親子アピールをしようだなんて微塵も思っていないんです。雅楽のコンサートでも、ロックの演奏も無理矢理に引っ張り出しているのではなく、ただ、僕がいるところに、息子である、ちっち(典親さんの愛称)が一緒にいるというだけのことで。本当は嫌だけど、親がそこまで言うから仕方なく関わっておくといった気遣いが生まれるのは絶対によくないと思っています。日常の生活、つまり、人生をとにかく無駄なく楽しんでいるのをすぐ近くで見ていると、巻き込もうと思わなくても自然にいつの間にか巻き込まれてしまっているというような、すごくいい状態になっているんだと思います。
以前、子育て本を書きましたが、“こうすれば人の心は大丈夫”という保証のない確信があったんです。それを人に伝えながら実践する時が来たんだなと思いながら子育てを始めて、今に至っています。多感な時期になったらコミュニケーションがなくなったりもするのかなと思いきや、この17年間、口論するとか、意見が違って気まずくなることも一度もなかったんです。
――子育てで大切にしていたこととは?
小さい頃から、「ねえ、パパ」って子どもが言った瞬間、僕は全てのことをやめて必ず目を見て「なあに」と言って最後まで話を聞くようにしていました。「あとでね」とは絶対に言わなかったんです。子どもが一番熱い時、一番喋りたい今、「あとでね」と言ってしまったら、その「あとで」が今度いつくるかわからないから。子どもは大人になるし、「どうせ今は聞いてくれなくて、またあとでになるから言わないでおこう」ってなってしまって、言わなくなるんです。それが孤立を作ってしまうと思うんですよ。だからどんなに忙しくても、作曲の最中、どんなにいいところで邪魔されても必ず耳を傾けていたんです。いったん手を止めても、僕なら才能があるから(笑)回復できるんですよ。他で聞いてもらえなくても、家に帰れば必ず聞いてくれる人がいるというのは、子どもにとってはすごく大切なことなんです。

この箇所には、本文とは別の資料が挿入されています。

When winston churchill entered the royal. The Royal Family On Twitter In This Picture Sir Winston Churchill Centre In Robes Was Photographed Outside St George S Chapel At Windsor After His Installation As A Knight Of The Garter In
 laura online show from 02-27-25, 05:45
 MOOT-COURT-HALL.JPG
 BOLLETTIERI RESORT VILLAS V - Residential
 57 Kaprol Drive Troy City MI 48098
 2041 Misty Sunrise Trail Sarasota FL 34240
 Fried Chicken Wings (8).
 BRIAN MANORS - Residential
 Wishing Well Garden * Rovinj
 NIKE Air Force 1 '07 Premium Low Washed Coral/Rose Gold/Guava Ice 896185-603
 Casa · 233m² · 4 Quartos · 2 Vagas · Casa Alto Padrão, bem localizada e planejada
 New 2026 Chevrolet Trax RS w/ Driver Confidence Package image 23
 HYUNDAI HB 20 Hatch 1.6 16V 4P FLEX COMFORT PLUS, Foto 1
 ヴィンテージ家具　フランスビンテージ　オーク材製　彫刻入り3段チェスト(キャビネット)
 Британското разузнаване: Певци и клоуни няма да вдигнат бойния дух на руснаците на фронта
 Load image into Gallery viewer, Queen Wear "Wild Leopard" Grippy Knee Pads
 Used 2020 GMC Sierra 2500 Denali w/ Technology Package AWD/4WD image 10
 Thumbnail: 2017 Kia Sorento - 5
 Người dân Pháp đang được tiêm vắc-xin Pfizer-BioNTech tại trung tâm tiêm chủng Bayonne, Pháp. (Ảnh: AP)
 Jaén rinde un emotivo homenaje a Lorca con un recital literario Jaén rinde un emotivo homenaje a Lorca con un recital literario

ただ聞いてもらえたというだけで気が済んだり、そこでアドバイスをもらえるとかなり安心するんでしょうね。なので、「これを言うと親が心配するかな? 気にするかな?」ということも何でも言うようになりました。テストで悪い点をとったとか、僕だったらランドセルの奥に隠して知らん顔していたのに、うちの子は目を輝かせて悪い結果を報告してましたね(笑)。嘘や偽りがないんです。学校の先生も、全部がいい人であるはずがなくて、「先生と言われている人が全部正解を持っている人というわけではないよ」と伝えています。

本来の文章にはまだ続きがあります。